サプライチェーンに関しても言わば棚ボタ的。中国からの生産拠点移転に付いては、充分な人的資源、能力や技術的課題があり、原材料や生産手段の確保が出来ているかと言えばそうではないと現地発の懐疑的報道さえあります。
さらに研究・開発力に遅れをとっている現実があり、専門技術者の育成が出来ておらず、モノ作りに関して必要なワーカーでさえ確保が困難になっている。
地方からの出身者も都会に憧れ、知識や経験、必要な学力や語学力が無いのに事務職、外資系企業への就職を期待するか、いわゆる3Kの工場勤務を嫌がり、三次産業に勤めたいとの傾向にある。

そうした中で、遅ればせながらも日本の高専制度の導入を日本の支援で行なうようになったけれど、では大学での教育を含めて専門知識を以って享受できる人材が充分備わっているかと言えば、現時点でさえ困難な状況にあります。

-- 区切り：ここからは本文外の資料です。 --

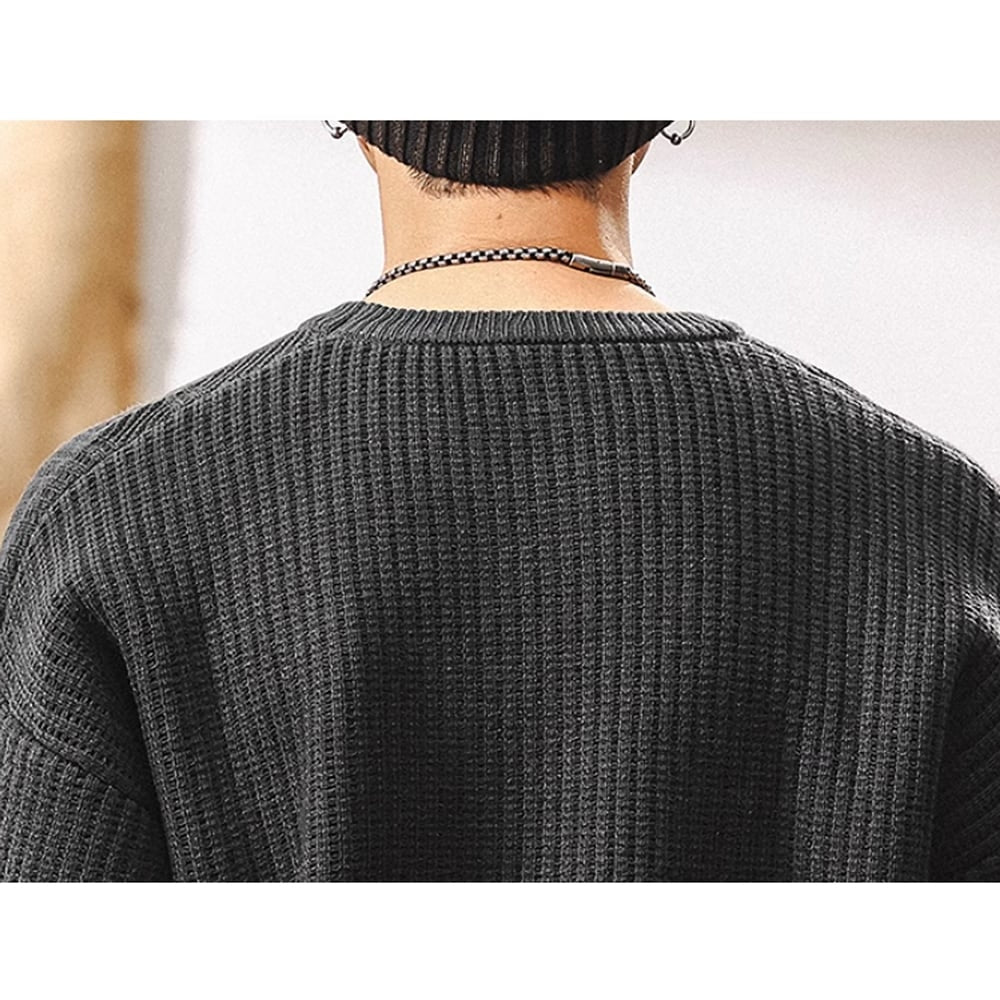 Heavy weight sweater HL2400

さらに労働力輸出と称して若い人材を日本や台湾、韓国などへ実習生として送り出しているが、留まる事を知らず増える一方。結局は先進国へ技術研修という名目であろうが、その実態は単純労働者の派遣でしかありません。
覇権国、受け入れ国共にこの実態を知っておりながら増やそうとし、また年間派遣目標をあげて、今年も10月時点で達成して喜んでいる。
サプライチェーン、即ち部品供給国として名乗り出ておきながら、何ら対策を講じず、他国任せのまま。
それどころか2000年台は裾野産業がこの国の計画投資省でもSUSONOとしてそのまま通用していたが、今も残念だが高度な精密さを要求される製品、部品製造産業だって確立できていません。この多くは輸入に頼らざるを得ないし、素材や原材料の多くが現時点で国内では産出できないという問題がある。
こんな事でサプライチェーンをベトナムに、なんて筋が通りません。
先ずは政府が国策として、この産業構造の変化とか舵取りを責任もって実施しなければ、これまでの様な若くて、手先の器用な労働力があるという作られた神話など何時までも続けられるものではないのです。

この所は半導体立国なんてことで部品生産を増やすなどと言っているけれど、これも自国企業ではなく外資系大手企業の投資によるもので、自国企業が能力を持ったというものではないのです。
こうした実態を、如何にもベトナムがという風にすり替えしているだけで実態などありません。こうしてこれまで以上に外資系企業が清算する製品が、ベトナム製として輸出されるのだが、実は外資系企業の製品輸す津割合が増えているだけのことなのです。国威発揚は良いけれど国民でさえ分らない数字のアヤ。
結局はベトナムの地で労働力の提供に終始するだけの国でしかなくなる。